§ Exercise goal: Reproduce only the lines below from the line containing "Banco arc&oacute;n Exterior" to the line containing "176 Medical Brigade", exactly as written, with both end lines kept. Omit the pictures.

§ Information given:

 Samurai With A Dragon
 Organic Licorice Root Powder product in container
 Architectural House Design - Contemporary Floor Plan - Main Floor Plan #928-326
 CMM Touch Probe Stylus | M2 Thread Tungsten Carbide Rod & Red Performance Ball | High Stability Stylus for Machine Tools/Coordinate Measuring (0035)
--
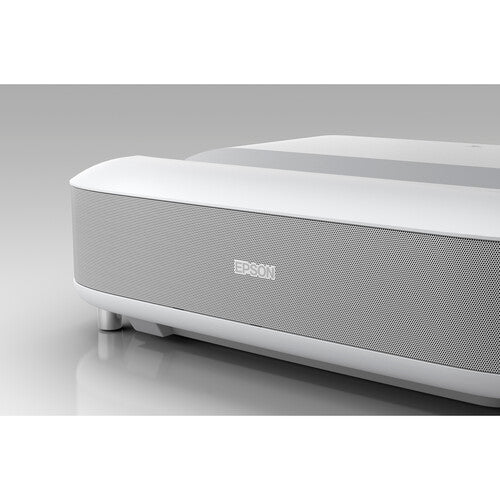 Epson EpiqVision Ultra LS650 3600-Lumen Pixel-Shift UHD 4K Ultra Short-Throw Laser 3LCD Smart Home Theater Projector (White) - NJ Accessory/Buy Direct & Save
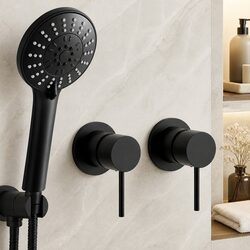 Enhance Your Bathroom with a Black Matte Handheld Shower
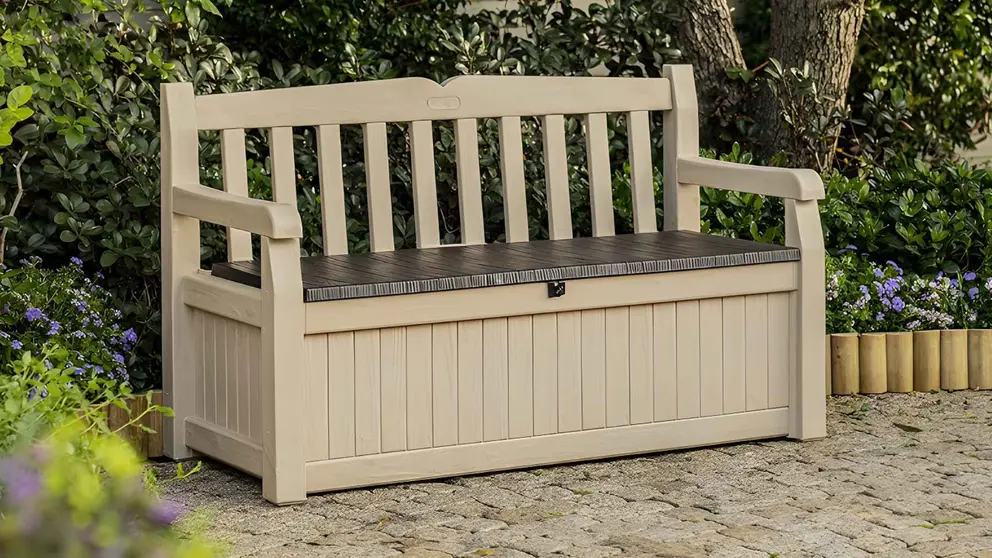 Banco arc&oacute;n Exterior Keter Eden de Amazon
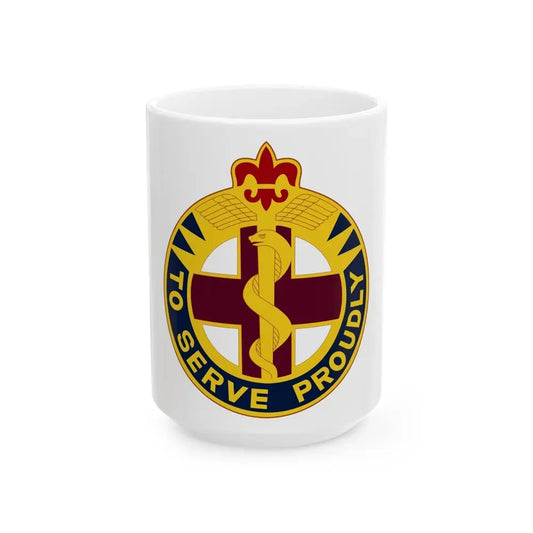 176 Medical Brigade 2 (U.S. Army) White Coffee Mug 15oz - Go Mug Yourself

§ Solved exercise:
 Banco arc&oacute;n Exterior Keter Eden de Amazon
 176 Medical Brigade 2 (U.S. Army) White Coffee Mug 15oz - Go Mug Yourself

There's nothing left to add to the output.